All this difference makes me wonder how the hell this country stays together. The only source of similarity I can think of (one India has over America) is the uniform time difference.

Thursday, April 16, 2009

“I’m an adventurer, looking for treasure."

Caroline and I have returned to Jaisalmer from a short reprieve in Jaipur for our mid-internship seminar, and we’ve returned with new vigor. Our first day back started with a bang, quite literally, as we were woken from our sleep at 7:30 in the morning by a violent shaking. Everyone groggily jumped up, yelling “Uper, uper, uper!” as we ran outside. “Kya hai? What was that?” we asked, and I soon discovered that I had survived my first sizable earthquake; after, of course, a few minutes of inevitable language confusion. Unfortunately the Hindi word for earthquake, bhukamp, sounds an awful lot like bomb, and thanks to the profusion of Border Police, army tanks, soldiers, and trucks in the area, we’re quite aware of our close proximity to the border with Pakistan. Not until I found a Hindi newspaper clipping lying around the office a couple of days later did I find out that it was a 5.3 on the Richter scale. Cool!

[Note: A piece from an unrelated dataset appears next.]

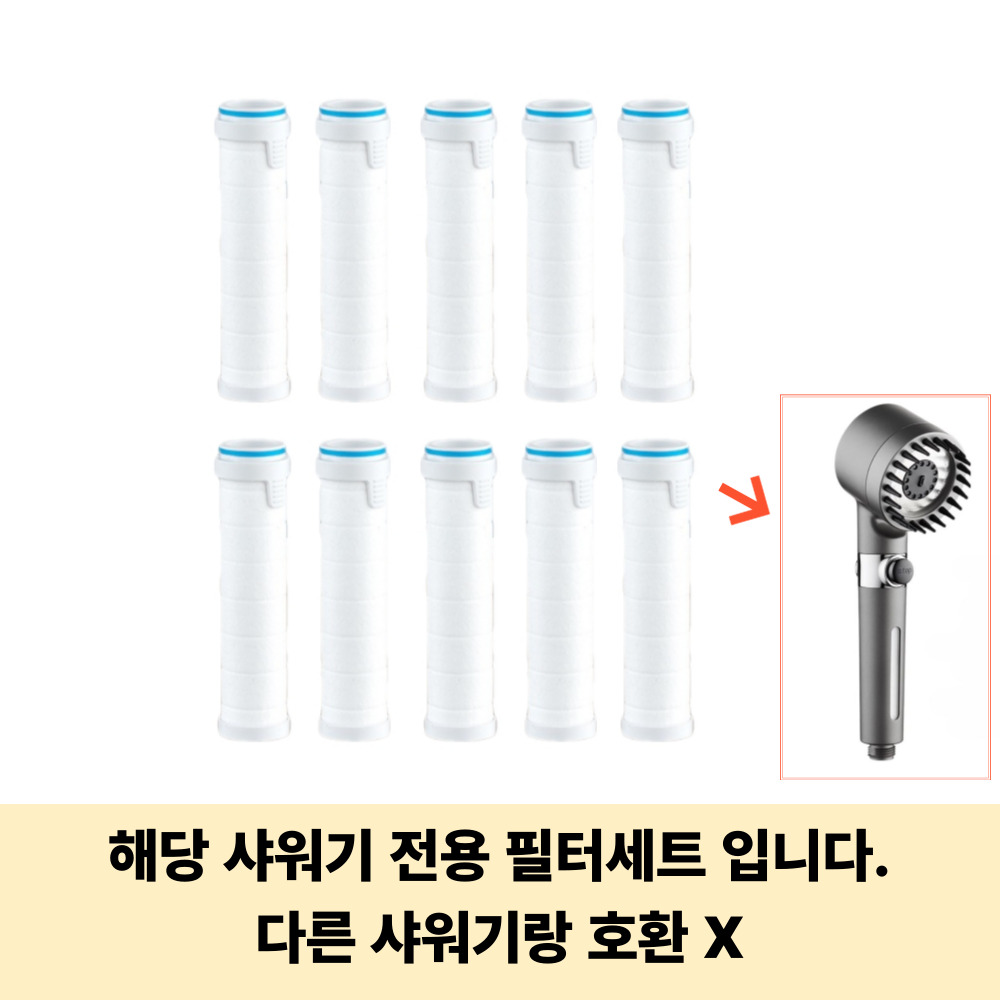 생활행복 고압 수압상승 필터 샤워기 헤드 13,000원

Caroline and I have been accompanying Vimalaji and Anoopji on their daily visits to the surrounding villages and we’ve kind of settled into a rhythmic routine. In the morning we head out either on the back of Anoopji’s motorbike, which makes us feel like we’re about to go save the world, or, if Vimala is with us, in a public bus, which usually just makes us feel like sweaty animals being gawked at in a cramped zoo. When we arrive at the village of the day little kids and women quickly catch word that white people are in town and flock to the meeting sight. During these field visits Anoop is supposed to be holding a meeting with a Mixed Group (a kind of Self-Help Group) consisting of 10-12 locals that URMUL has organized, but thanks to us the register signed at the conclusion of the meeting usually has at least 25 names on it. Once chai is offered and introductions are made, we’re instructed to take a photo and “bat karo” (converse!). But, remember? We don’t really speak Hindi. So our conversation, rather than illuminating the complex cultural reasons for the high rate of female infanticide in rural Rajasthan, or the specific challenges of providing health care in a desert village, quickly turns into a kind of characterized cultural exchange. We can count on being asked what kind of food we eat in America, why we don’t have chapatti, if we’re married, why we’re not married, what kind of animals there are in America, if it is hot in America, if we work hard in America, what time it is at that very moment in America…once we were even asked what kind of trees there are in America. God knows why. In turn we ask everyone what their names are, how many brothers and sisters they have, how many children they have, and what they do for a living; all information we promptly forget in a minute’s time. All of this bat karo-ing is conducted in a kind of Hinglish that Anoop and Caroline and I have gradually established over the past couple of weeks with each other.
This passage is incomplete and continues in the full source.